• **WORK REQUEST**:
Write out, word for word, every line from the one containing "6 วัตต์ (ท่อน้ำเข้าออก1/4) เครื่องฆ่าเชื้อโรค" through the last line of the records below, both ends included.

[[ MATERIAL PROVIDED, beginning ]]

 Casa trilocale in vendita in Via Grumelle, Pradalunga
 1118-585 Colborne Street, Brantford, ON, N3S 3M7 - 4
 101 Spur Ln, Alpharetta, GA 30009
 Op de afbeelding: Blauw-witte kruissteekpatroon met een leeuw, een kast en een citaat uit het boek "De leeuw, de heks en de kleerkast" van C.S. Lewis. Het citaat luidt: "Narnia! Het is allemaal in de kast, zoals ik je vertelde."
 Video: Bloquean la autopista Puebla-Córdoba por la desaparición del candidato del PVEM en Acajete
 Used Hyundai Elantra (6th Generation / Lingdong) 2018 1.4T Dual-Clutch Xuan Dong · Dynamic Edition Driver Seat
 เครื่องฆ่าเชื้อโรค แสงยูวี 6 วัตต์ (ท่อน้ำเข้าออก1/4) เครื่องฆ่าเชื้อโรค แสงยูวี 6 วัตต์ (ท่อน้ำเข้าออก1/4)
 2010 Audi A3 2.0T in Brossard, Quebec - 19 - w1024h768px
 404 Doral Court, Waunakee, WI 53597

[[ MATERIAL PROVIDED, end ]]

• **ANSWER SPACE**:
 เครื่องฆ่าเชื้อโรค แสงยูวี 6 วัตต์ (ท่อน้ำเข้าออก1/4) เครื่องฆ่าเชื้อโรค แสงยูวี 6 วัตต์ (ท่อน้ำเข้าออก1/4)
 2010 Audi A3 2.0T in Brossard, Quebec - 19 - w1024h768px
 404 Doral Court, Waunakee, WI 53597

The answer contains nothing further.